Fainting rooms and dumbwaiters are not typical amenities in most houses today, but the homeowners of a 6,000-square-foot Lake Forest manse couldn’t part with these anachronisms when they undertook a renovation of their home. Built in 1924 by Russell S. Wolcott, the yellow shingle farmhouse was featured in John Hughes’ 1994 remake of Miracle on 34th Street and was chosen partly for its strong resemblance to the home in the original 1947 film. And though previous residents updated the house, the contemporary family of five who live there now reinvented it once again with some ideas of their own.
“We wanted to maintain as much of the history of the house as we could,” the wife says. “No one needs a fainting room anymore, but I didn’t want to get rid of it if I didn’t have to.” Her question to interior designer Kathryn Scodro of Kim Scodro Interiors was “How can we give the house a face-lift—brightening it and making it more useful for a family with three kids—while preserving as much charm as possible?”

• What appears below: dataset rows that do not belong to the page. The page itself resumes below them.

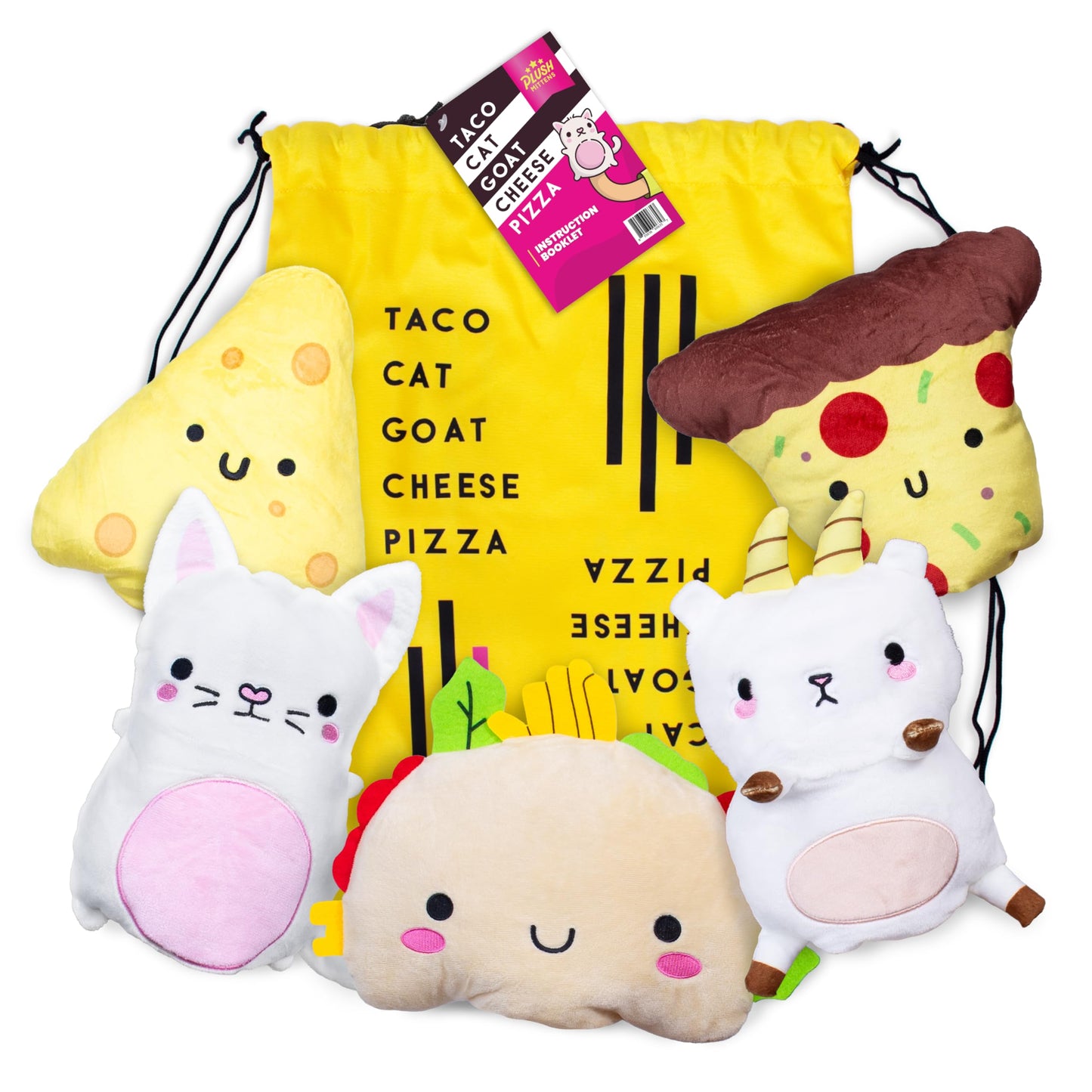 Taco Cat Goat Cheese Pizza Plush Mittens Set
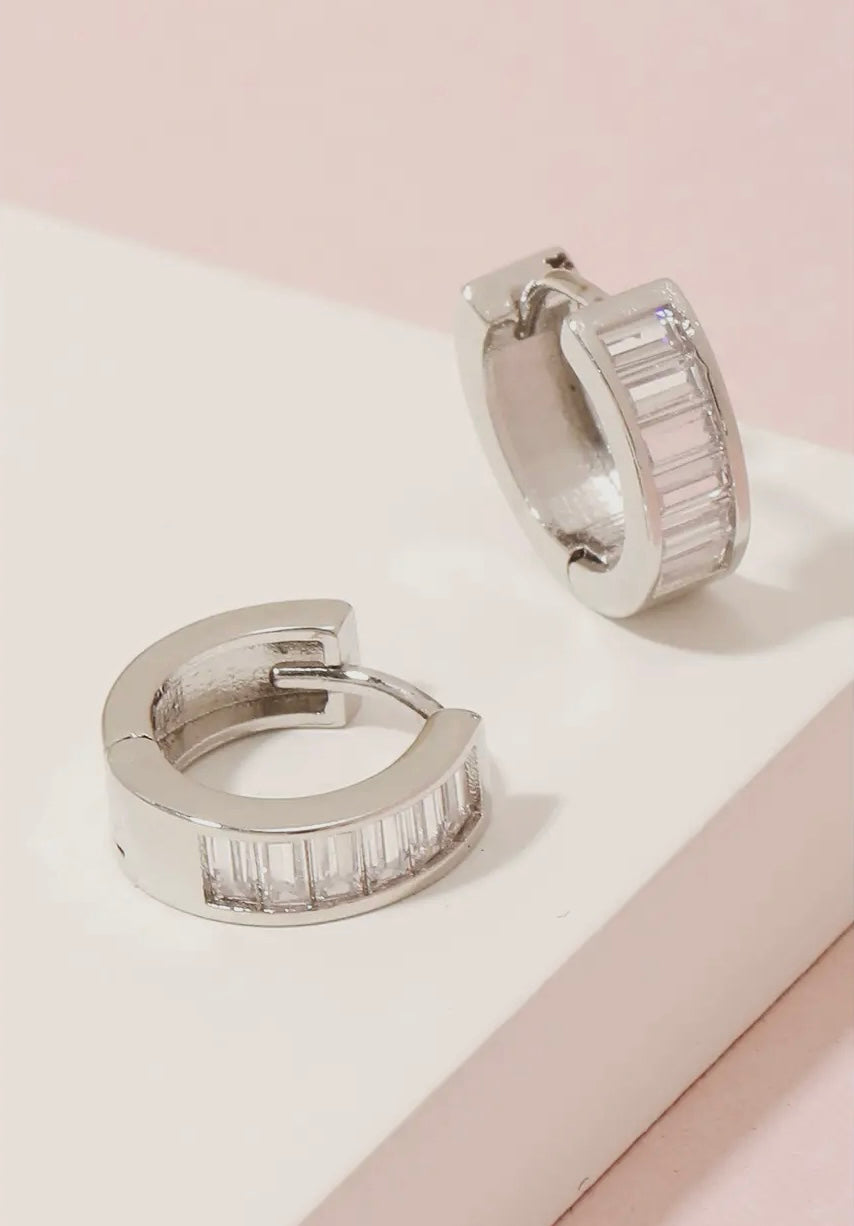 Small Baguette Studded Hoop Earrings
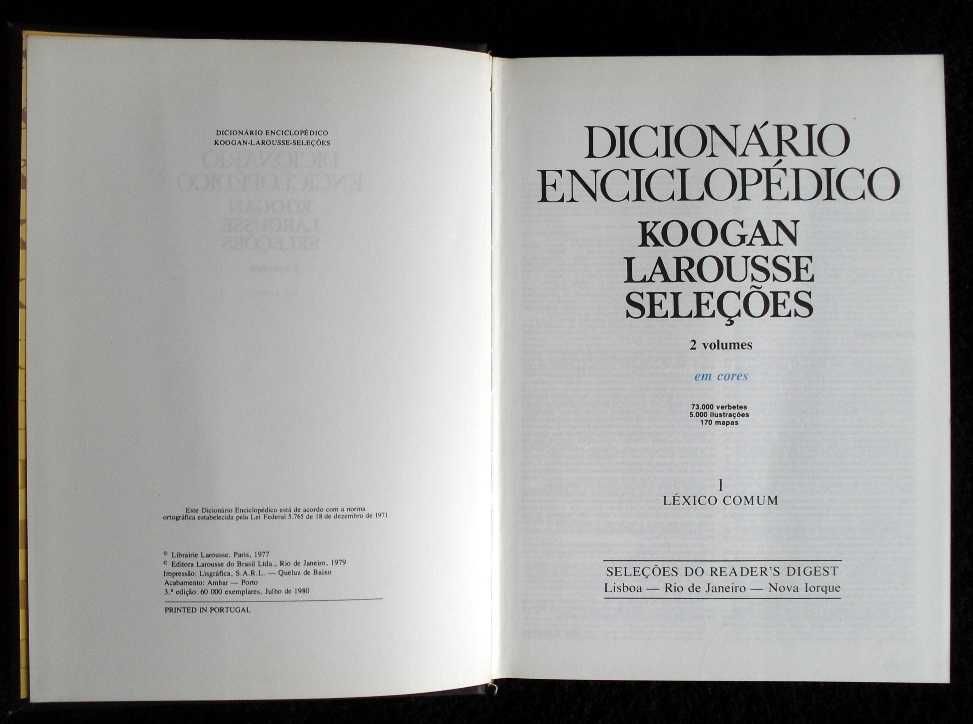 Dicionário Enciclopédico Koogan Larousse 3 volumes a cores Seleções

Easy. Add zebra-print wallpaper and other contemporary accents, upholster the furniture in kid-friendly fabrics and retain the home’s inherent character where it makes sense. “We kept furniture in classic shapes and took chances when it came to color,” says Scodro, who knew the home, since she had been a childhood friend of the previous owners. “It’s a historic landmark. The family is young and fun, and we still wanted the home to have an air of classicism but make it very livable where the kids can touch everything.”